**Task prompt**
Only the lines from the one bearing "Techsuit Samsung Galaxy" through the end of the listing belong in your response, restated word for word and without pictures.

===== Dataset =====

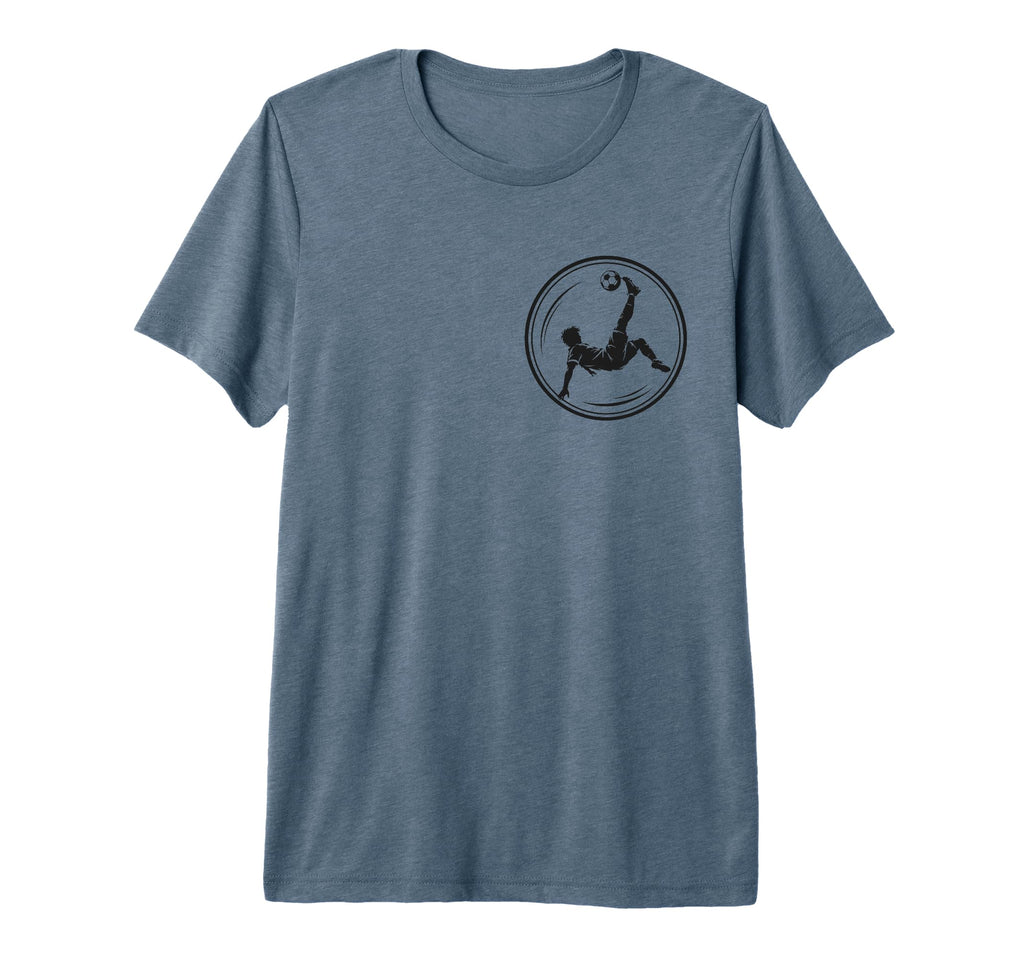 Soccer Bicycle Kick Football Player T-Shirt - Trendy Graphic Men Women
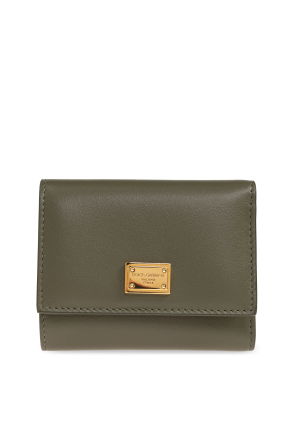 Leather wallet with applique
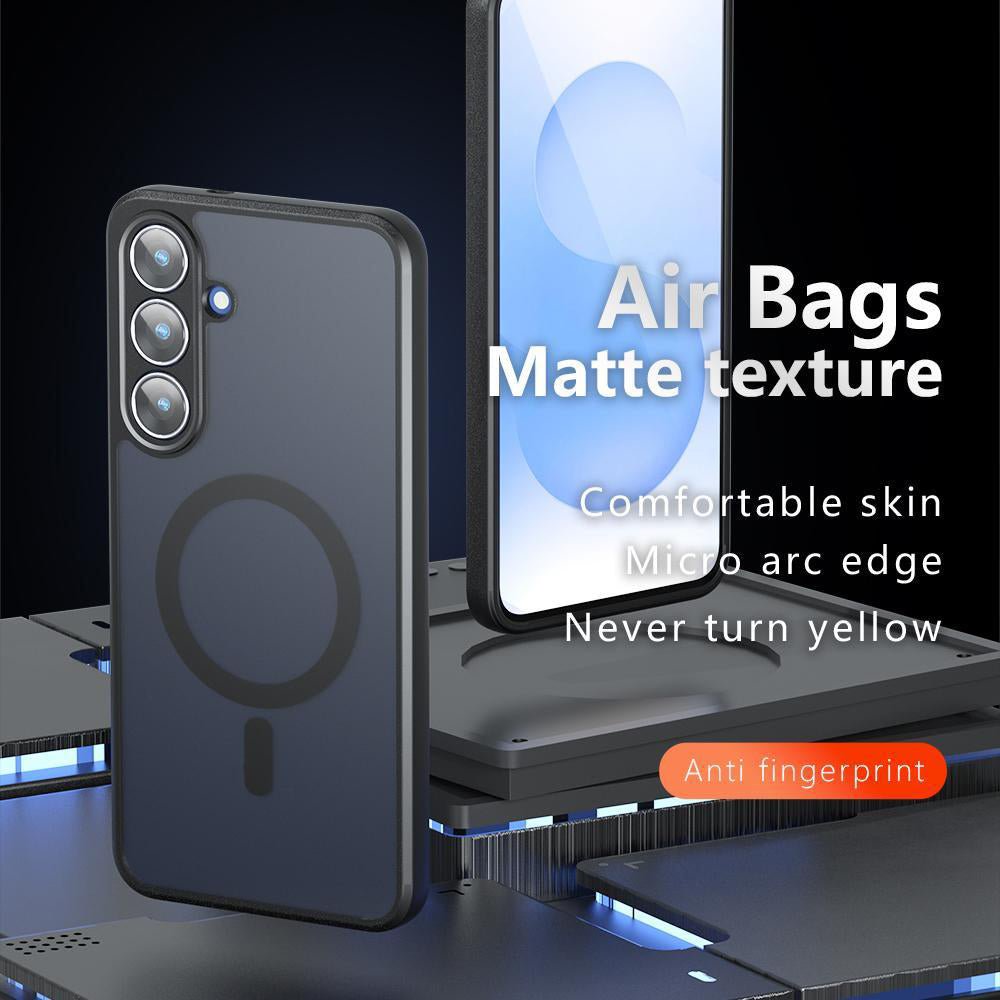 Techsuit Samsung Galaxy S26 - Σκληρή Θήκη με Πλαίσιο Σιλικόνης και MagSafe - PureFrost MagSafe - Frosted Black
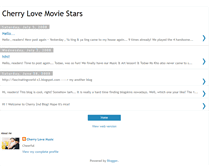 Tablet Screenshot of cherry-loves-moviestars.blogspot.com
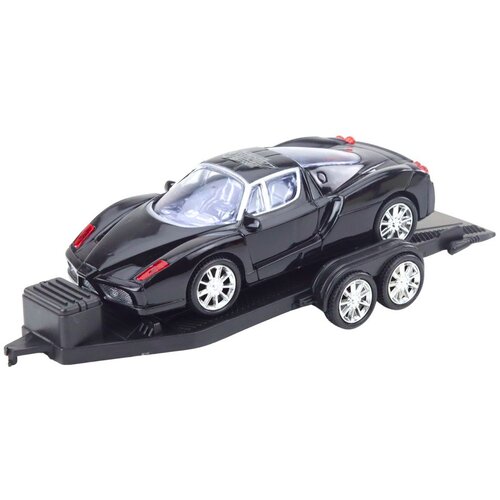  Set terenskog automobila Crveni kamion za vuču Crni sportski automobil 59 cm Slike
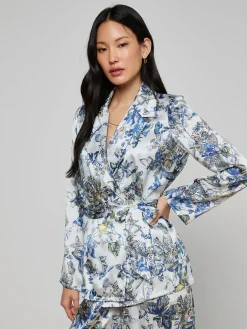 Ciara Silk Robe Top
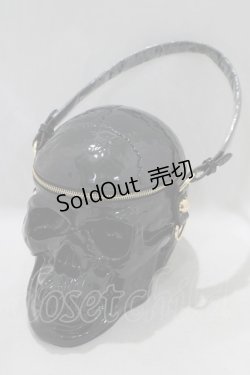 画像1: KILLSTAR / Grave Digger Skull Handbag  ブラック H-24-09-20-002-PU-BG-KB-ZH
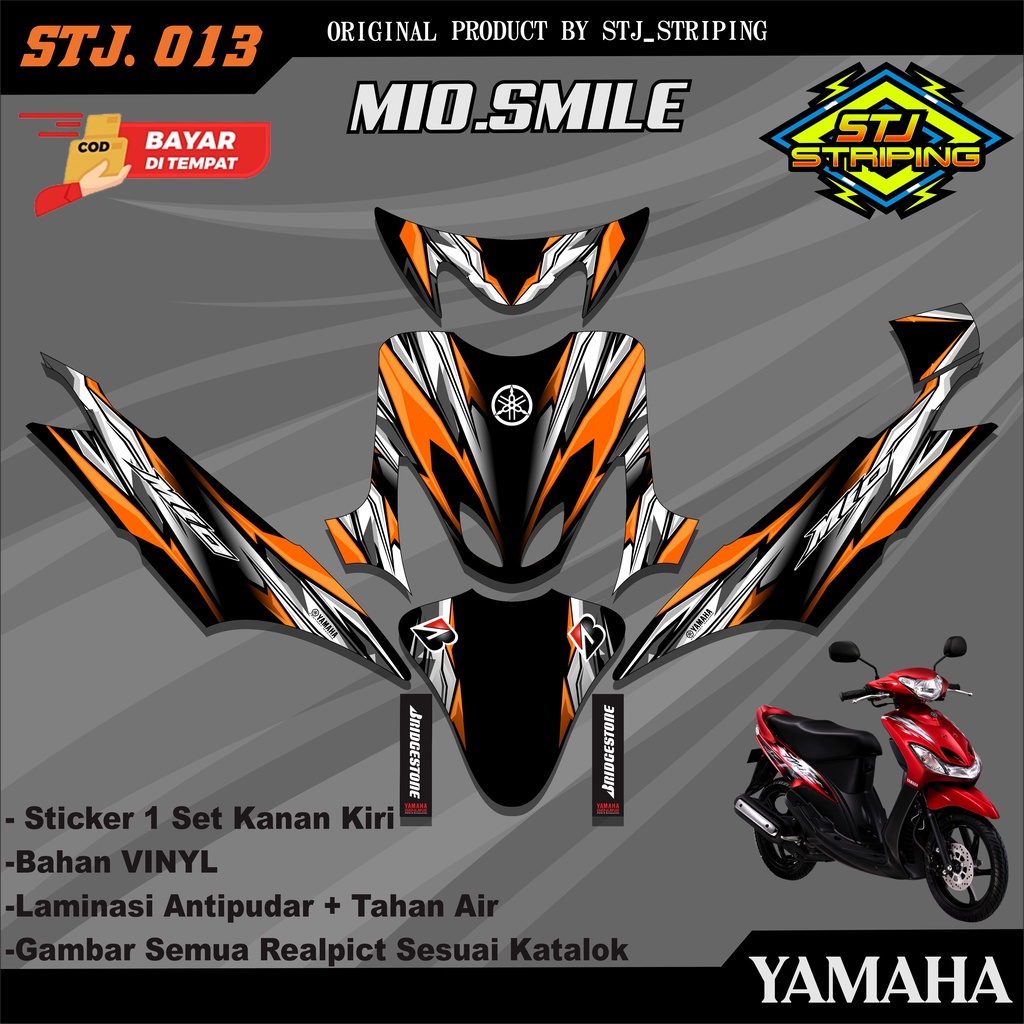 Stiker DECAL Full Body Motor MIO SMILE - Sticker DECAL Full Body Motor MIO SMILE. STJ.013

=====

**Answer to this exercise**
 Techsuit Samsung Galaxy S26 - Σκληρή Θήκη με Πλαίσιο Σιλικόνης και MagSafe - PureFrost MagSafe - Frosted Black
 Tablet Screenshot of cherry-loves-moviestars.blogspot.com
  Set terenskog automobila Crveni kamion za vuču Crni sportski automobil 59 cm Slike
 Ciara Silk Robe Top
 画像1: KILLSTAR / Grave Digger Skull Handbag  ブラック H-24-09-20-002-PU-BG-KB-ZH
 Stiker DECAL Full Body Motor MIO SMILE - Sticker DECAL Full Body Motor MIO SMILE. STJ.013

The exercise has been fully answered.